Searchable abstracts of presentations at key conferences in endocrinology
Endocrine Abstracts (2013) 32 S2.2 | DOI: 10.1530/endoabs.32.S2.2

ECE2013 Symposia Cushing's Disease with negative pituitary imaging (3 abstracts)

Surgical approach to corticotroph adenomas poorly visible at preoperative imaging

Michael Buchfelder


Department of Neurosurgery, University of Erlangen-Nürnberg, Erlangen, Germany.

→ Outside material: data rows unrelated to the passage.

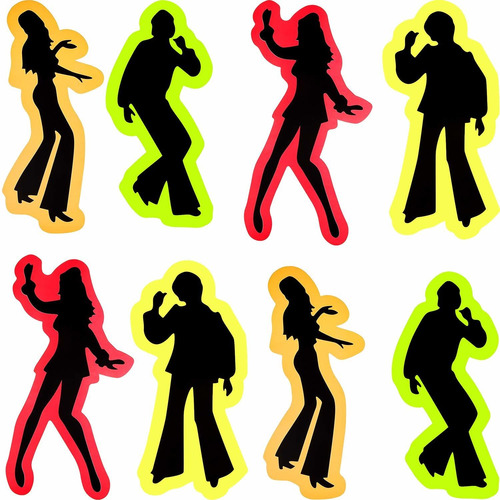 12 Pieces Retro 70s Silhouettes Dance Silhouettes Cutouts Di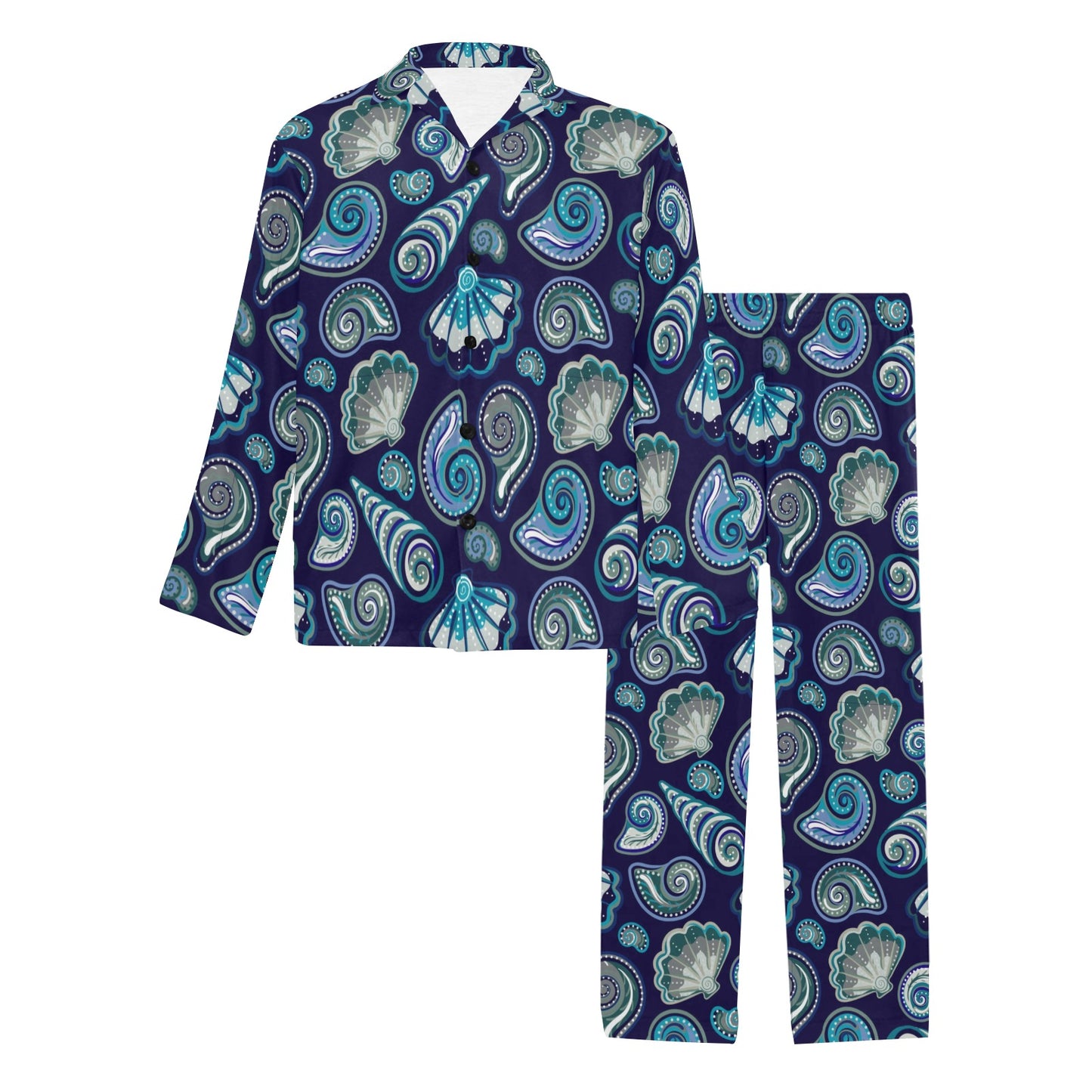 Beach Seashell Blue Print Men's Long Pajama Set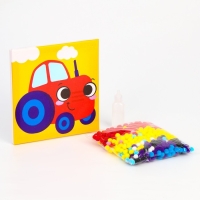 Картина помпонами «Трактор», 20 х 20 см, аппликация помпошками Картина помпонами «Трактор», 20 х 20 см, аппликация помпошками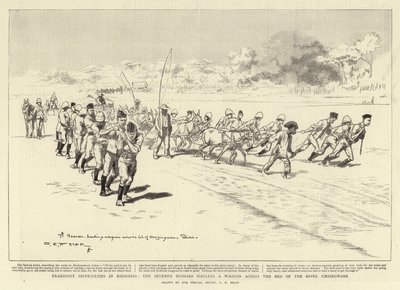 Dopravní potíže v Rhodesii, sedmý husarský pluk táhne vůz přes koryto řeky Umzingwane od Charles Edwin Fripp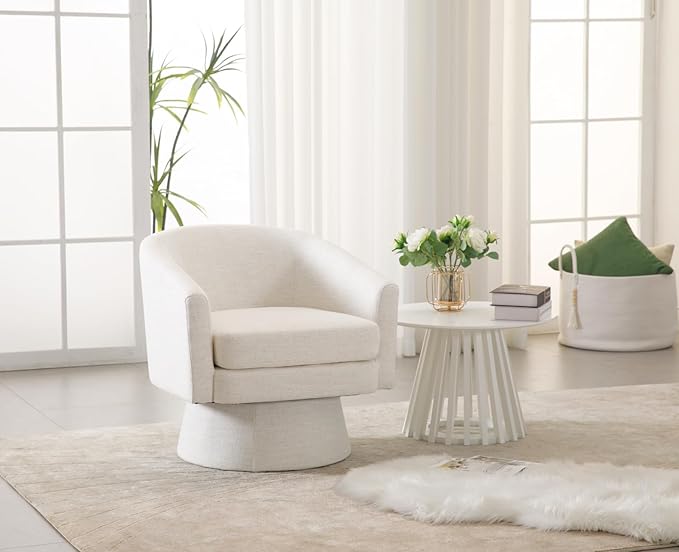 Linen Swivel Accent Chairs Set of 2 Beige Barrel Arm Chair Round Cozy Upholstered Reading Chair Modern Comfy Fabric Single Sofa Chair for Living Room/Bedroom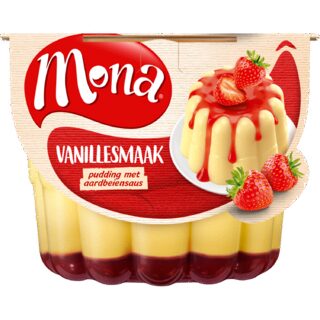 Mona Vanillepudding met aardbeiensaus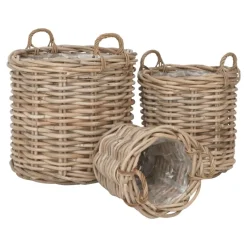House Nordic Manden Burton Rotan Naturel Set van 3 Discount
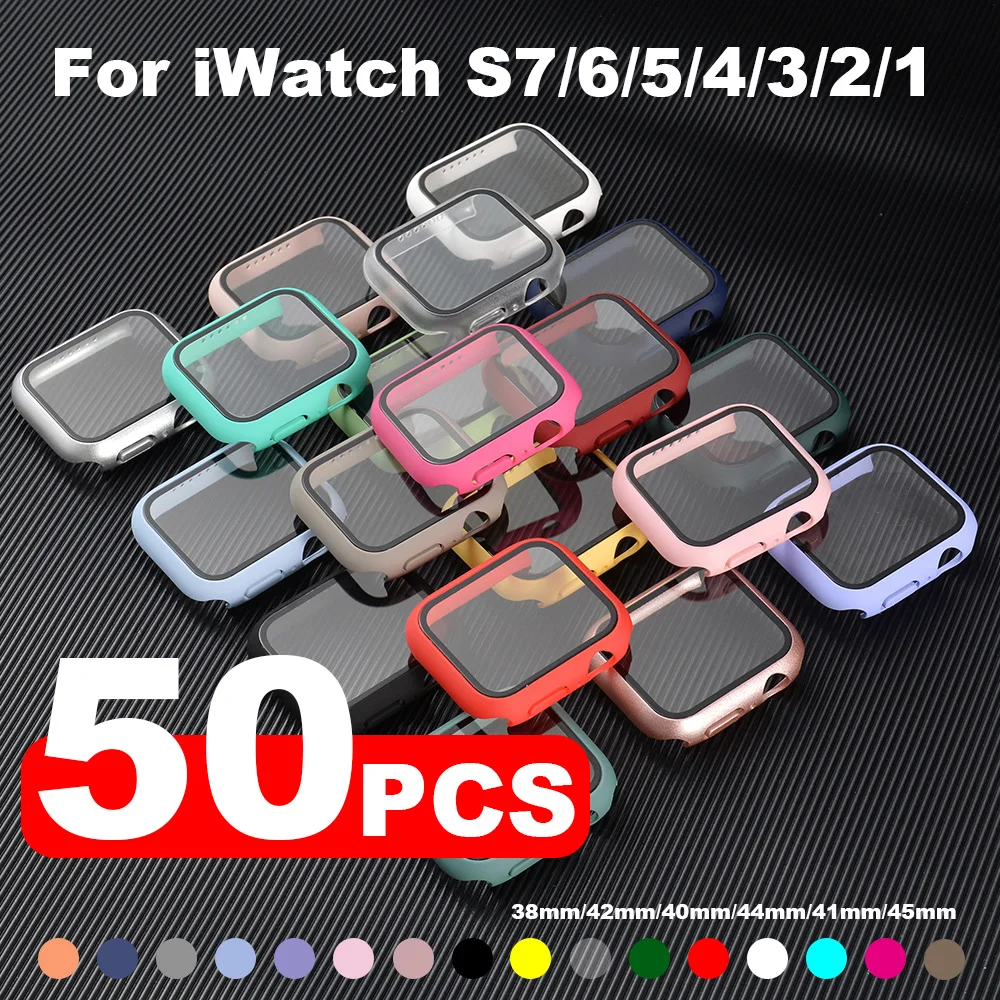 

50pcs Full Cover For Apple Watch S7 6 5 4 Matte Plastic For Cars Hard Frame Case With Glass For iwatch S1 2 3 Protector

Most pituitary operations for Cushings’s disease are technically difficult procedures. Since the souce of excessive ACTH-secretion in Cushing’s disesase is almost invariably a pituitary microadenoma, selective resection of this minute tumor is considered the primary standard therapy. However, almost half of the tumors escape direct preoperative detection even by sophisticated magnetic resonance imaging. Thus, in these the indication for surgery is based on laboratory findings of hormone determinations, including dynamic tests and selective blood sampling from the inferior petrosal sinus. Systematic sectioning of the gland is required to find the tiny tumor. Technical supports, like intraoperative sonography, have been introduced. Following successful surgery, ACTH and cortisol levels, respectively, decrease rapidly to ideally reach subnormal levels. Such an isolated adrenocortical insufficiency is a favourable prognostic indicator for long-lasting remission and requires corticosteroid substitution. Some 65–90% of patients harbouring pituitary microadenomas experience a remission after transsphenoidal pituitary surgery in experienced centers. In most series, negative imaging is an unfavourable prognostic factor. Moreover, there is a recurrence rate of some 10–20% at 10 years. Also the technical performance of such transsphenoidal sella explorations is challenging. The sella is frequently normal sized, incompletely pneumatized and thus, more venous bleeding occurs intraoperatively than with larger adenomas. Many of the patients harbour significant comorbitities. However, in some 90% of patients microadenomas are detected intra-operatively. Not in all of these, representative tissue arrives in the pathologist’s laboratory. For ill-defined tumors, lateral hemihypophysectomy, central core partial hypophysectomy or total hypophysectomy may be considered. However, the success rate of any kind of hypophysectomy in terms of normal ACTH- and cortisol secretion is lower than that of selective operations in patients with distinct radiological findings.